Palm Court, Inc. v. Durham

OPINION OF THE COURT

DANIEL T. K. HURLEY, Circuit Judge.

ORDER DENYING MOTION TO ENFORCE SETTLEMENT

THIS CAUSE is before the court upon a motion styled innocuously “motion to enforce settlement agreement.” The implications of the motion, however, are much more serious than suggested by the title.

The initial phase of this case was tried in a five-week bench trial. At the conclusion, the court issued a memorandum opinion containing findings of fact and conclusions of law. In particular, the court found that Carl Sax and Lanny Horwitz, the principals of Palm Court, Inc., “purposedly, with intent to defraud, made material misrepresentations and caused omissions of material facts.....” Thereafter, a final judgment was entered and an appeal was filed.

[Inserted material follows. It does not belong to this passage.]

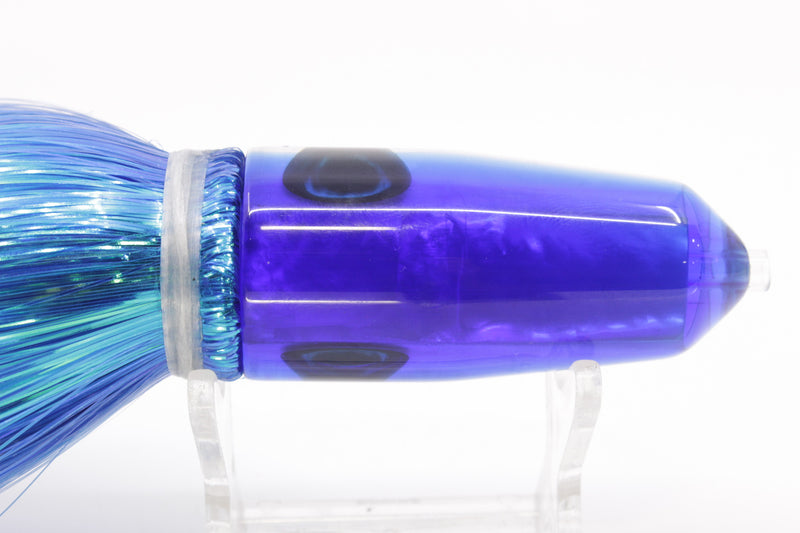 Moyes Lures White MOP Blue Back Small Sicario Bullet 8" 5.5oz Strobez Blue/White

While the appeal was pending, counsel for PCI, Sax and Horwitz entered into settlement negotiations with counsel for the counter-plain*220tiffs/unit owners. These parties reached an agreement which called for the dismissal of the appeal, payment of money to the unit owners and a revision of the court’s findings of fact and conclusions of law. In essence, the parties agreed to ask the court to remove all reference to individual wrongdoing by Carl Sax and Lanny Horwitz.

The parties then moved for and obtained a relinquishment of jurisdiction by the appellate court in order to present the proposal to the trial court. After a review of the terms and conditions, the court indicated that it could not accede to the parties’ request. The court indicated that the proposed revision impinged upon the integrity of the judicial fact-finding process and, therefore, violated public policy. Accordingly, the court declined to revise its memorandum/opinion.

Counsel for PCI, Sax and Horwitz then filed the instant motion to enforce settlement agreement. Upon consideration of the case law which was submitted together with argument by counsel, the court concludes that the motion should be denied. It is axiomatic that litigants cannot deliver the jury’s verdict. Likewise, they cannot script the judge’s findings of fact. To hold otherwise would demean the judicial process and transform judges into Charlie McCarthy-like figures open to manipulation. The very thought is repugnant to the concept of a free and independent judiciary.

Despite assertions to the contrary, the movants can find no support for their position in the law. “Parties to a lawsuit may always compromise their dispute. But where the parties wish to incorporate their settlement into a judicial decree — where they seek the imprimatur of judicial approval — the court must give the agreement more careful scrutiny.” Sierra Club v Coca-Cola Corp., 673 F.Supp 1555, 1556 (M.D. Fla. 1987) (citation omitted). Parties who engage in public litigation must accept its conditions and consequences. See, e.g., Barron v Florida Freedom Newspapers, Inc., 531 So.2d 113 (Fla. 1988).

Accordingly, it is

ORDERED and ADJUDGED that the counter-defendants’ motion is denied.

DONE and SIGNED in Chambers at West Palm Beach, Florida, this 3rd day of March, 1989.